4つ研究例がありますので、下記に記載いたします。
①コンクリート部材の損傷程度の実態調査
実態調査を行った結果、鉄筋コンクリート部材の耐久実態は50年以上あると認められた。
【根拠論文】篠崎徹・毛見虎雄・平賀友晃・中川 宗夫・三浦勇雄(1974)「約50年を経 過した鉄筋コンクリート造の調査」 日本建築学会学術講演梗概集
②鉄筋コンクリート造 建物の減耗度調査に基づく物理的寿命の推定
実際の建物の減耗度調査のうえ、建物の減耗度と実際の使用年数との 関係から、鉄筋コンクリ-ト造建物の物理的寿命を117年と推定。
【根拠論文】飯塚裕(1979)「建築の維持管理」 鹿島出版会
③構造体としての鉄筋コンクリートの効用持続年数
鉄骨鉄筋コンクリート造及び鉄筋コンクリート造の構造体の耐用年数は、 鉄筋を被覆するコンクリートの中性化速度から算定し中性化が終わった ときをもって効用持続年数が尽きるものと考える。鉄筋コンクリート部材 の効用持続年数として、一般建物(住宅も含まれる。)の耐用年数は120年、外装仕上により延命し耐用年数は150年。

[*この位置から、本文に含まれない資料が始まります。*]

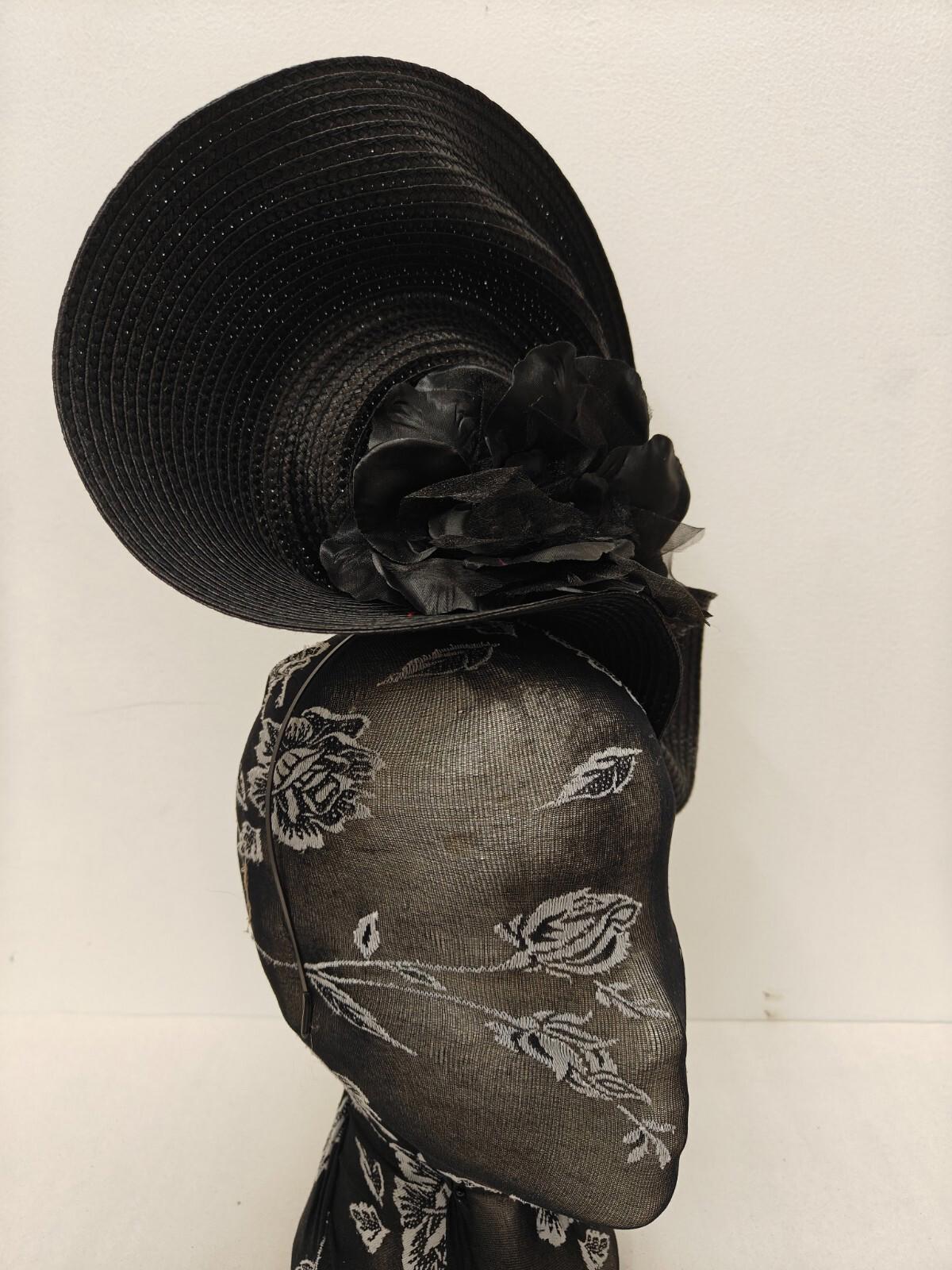 black flower large straw fascinator millinery burlesque headband wedding hat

【根拠論文】大蔵省主税局(1951)「固定資産の 耐用年数の算定方式」
④鉄筋コンクリート造の住宅・事務所等の平均寿命
固定資産台帳の滅失データを基に、区間残存率推計法を用いて、家屋 の平均寿命(残存率が50%となる期間)を推計した結果(2011年調査)、 RC系住宅は68年、RC系事務所は56年。
【根拠論文】小松幸夫(2013)「建物の平均寿命 実態調査」
う~ん。
50年以上、117年、120年、68年と、バラバラでよく分からないですね。
そこで個人的に注目したいのは④の「鉄筋コンクリート造の住宅・事務所等の平均寿命」です。これは、実際に建物が建替えとなるまでの期間として見る事が出来るので数字としては、現実的に思えます。

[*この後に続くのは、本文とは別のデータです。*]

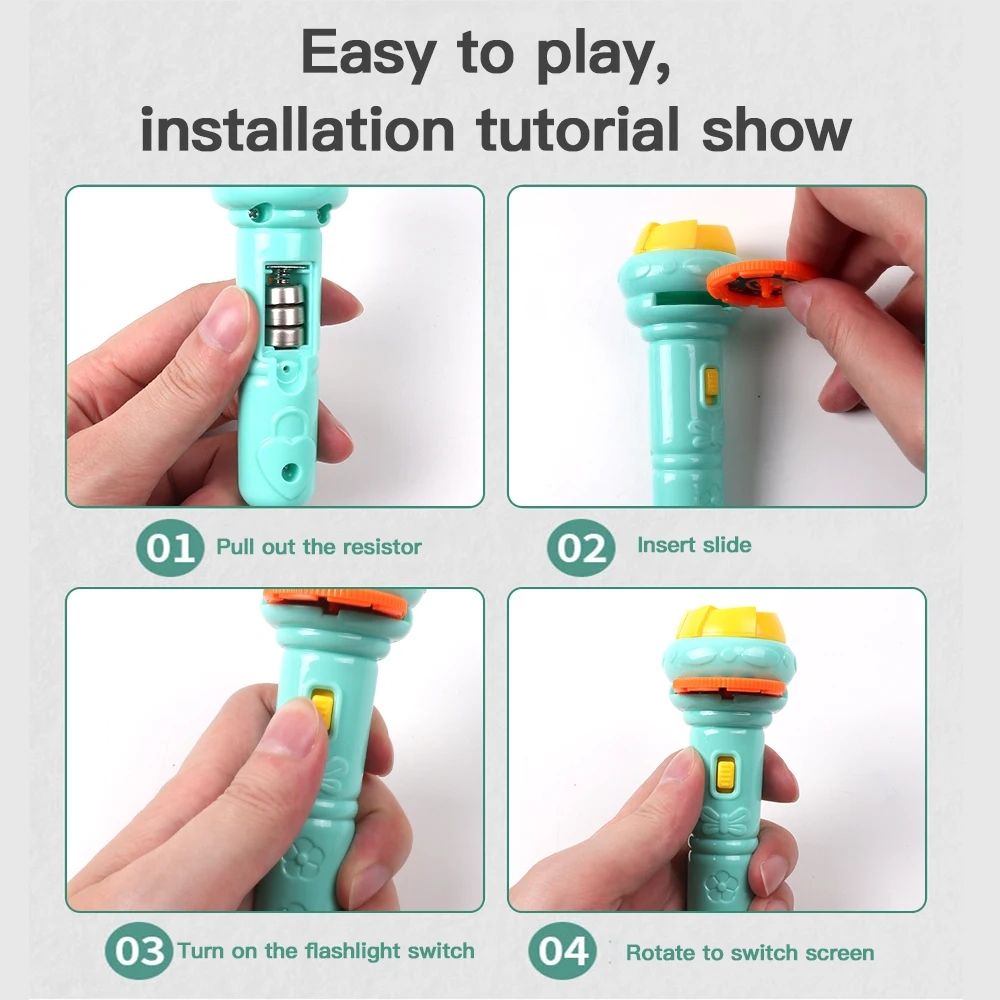 Cartoon Projection Flashlight 56 Patterns Creative Children Flashlight Toy Projector Baby Toys Bedtime Story Book Toy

実際、都内で売買取引がされているマンションの中で古い物ですと昭和30年代前半です。築60年以上が経過していますし、60年以上が一つの目安になり、管理次第では100年以上が寿命になるのではと思っています。
100年という根拠も、もちろんあります。
居住用の日本最古は軍艦島ですが、日本最古の鉄筋コンクリート造は横浜にある1911年に建てられた「三井物産横浜ビル」なんです。
「KN日本大通ビル」と名称が変わりましたが、今も使用され続けています。
いかに管理が大切か分かる事例ですね。
「マンションは管理で買え」と言われる所以ではないでしょうか。